_Your task_
Leaving out every picture, transcribe the lines from the line that contains "10pcs Professional Black" to the end of the entries below, both ends included.

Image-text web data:
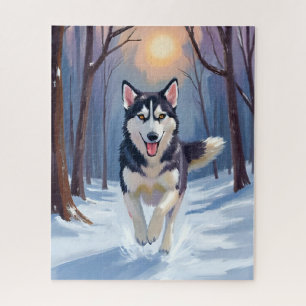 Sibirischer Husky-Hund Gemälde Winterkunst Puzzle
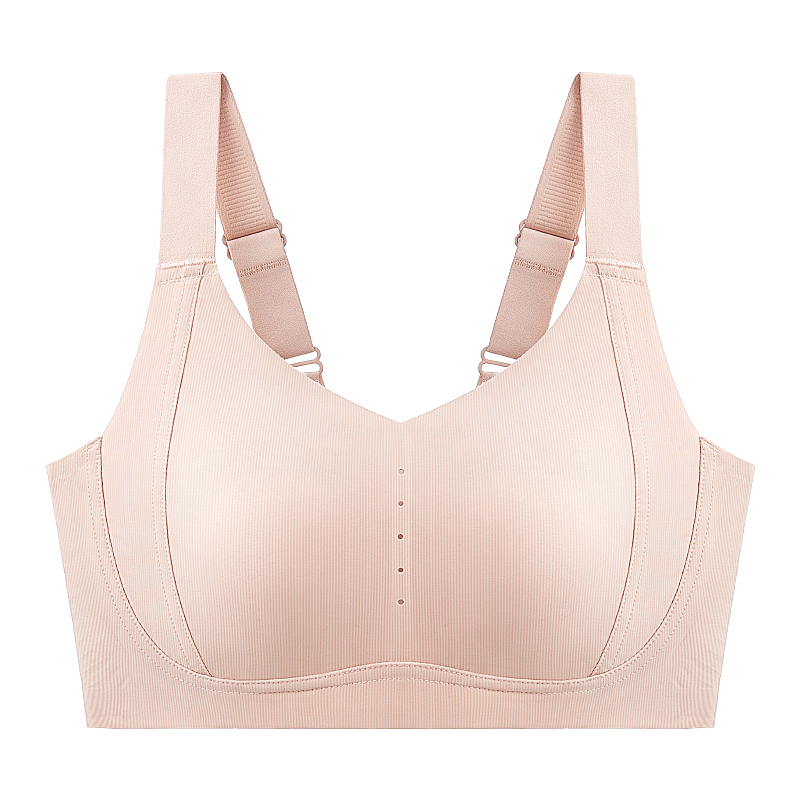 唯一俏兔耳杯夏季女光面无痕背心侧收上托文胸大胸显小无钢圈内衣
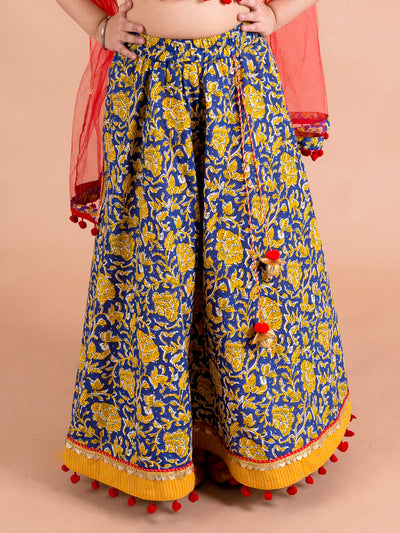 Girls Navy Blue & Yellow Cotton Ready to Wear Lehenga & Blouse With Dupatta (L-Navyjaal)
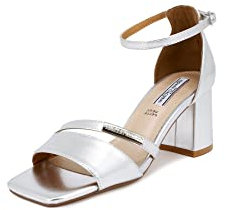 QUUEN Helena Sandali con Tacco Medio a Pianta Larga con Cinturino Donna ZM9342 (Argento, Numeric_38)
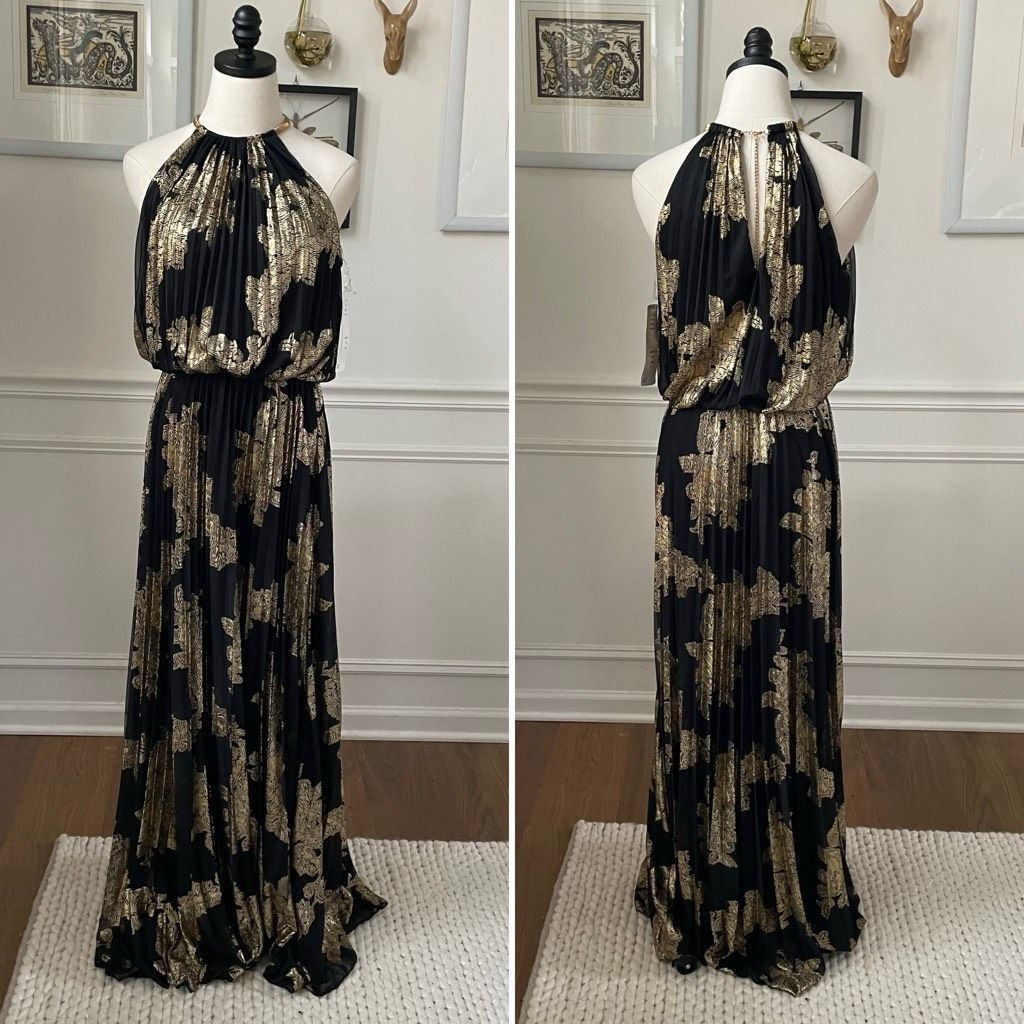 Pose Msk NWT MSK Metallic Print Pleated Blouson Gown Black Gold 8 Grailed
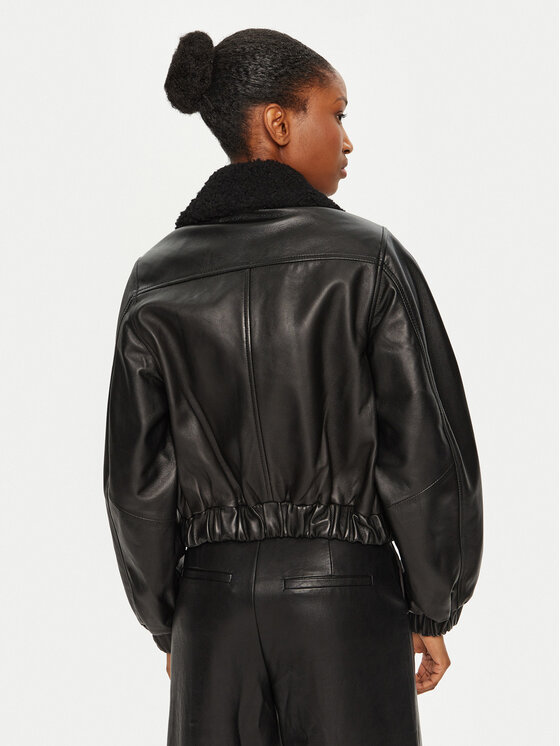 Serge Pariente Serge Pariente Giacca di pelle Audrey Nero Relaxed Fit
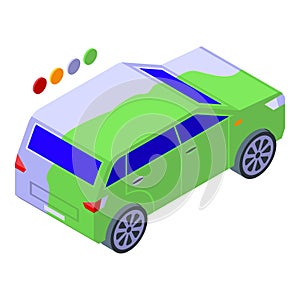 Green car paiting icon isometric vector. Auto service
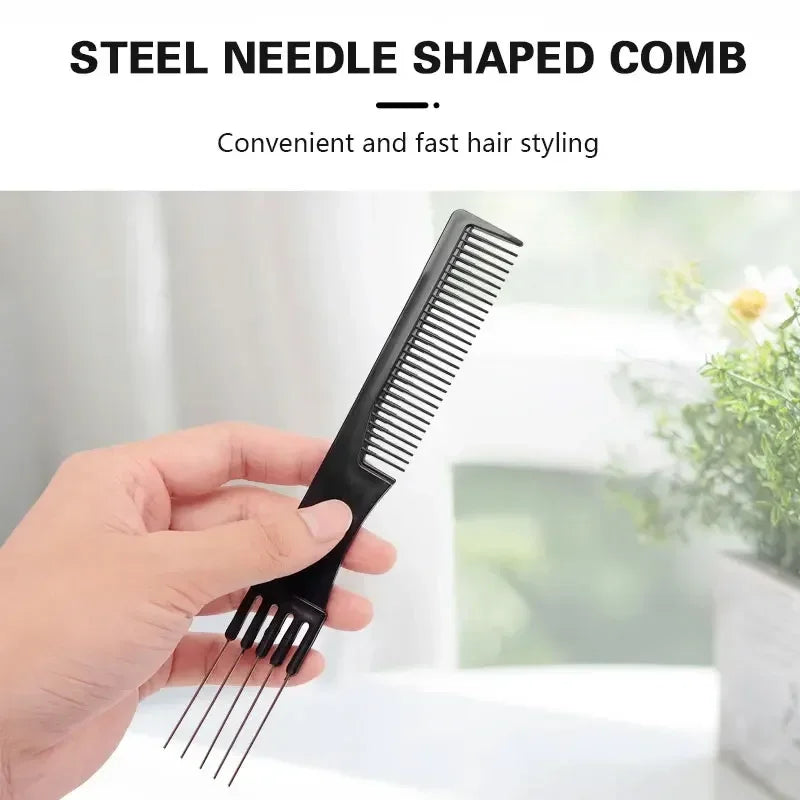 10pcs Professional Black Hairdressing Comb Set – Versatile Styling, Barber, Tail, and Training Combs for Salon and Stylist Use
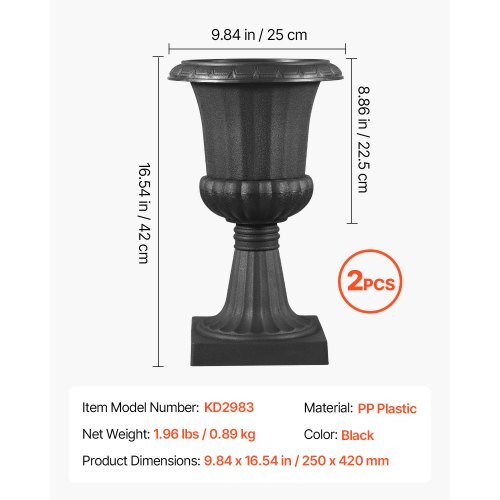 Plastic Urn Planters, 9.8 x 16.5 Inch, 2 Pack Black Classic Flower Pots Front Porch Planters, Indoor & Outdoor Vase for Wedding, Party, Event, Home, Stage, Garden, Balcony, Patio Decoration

_Solution for this task_
 10pcs Professional Black Hairdressing Comb Set – Versatile Styling, Barber, Tail, and Training Combs for Salon and Stylist Use
 Plastic Urn Planters, 9.8 x 16.5 Inch, 2 Pack Black Classic Flower Pots Front Porch Planters, Indoor & Outdoor Vase for Wedding, Party, Event, Home, Stage, Garden, Balcony, Patio Decoration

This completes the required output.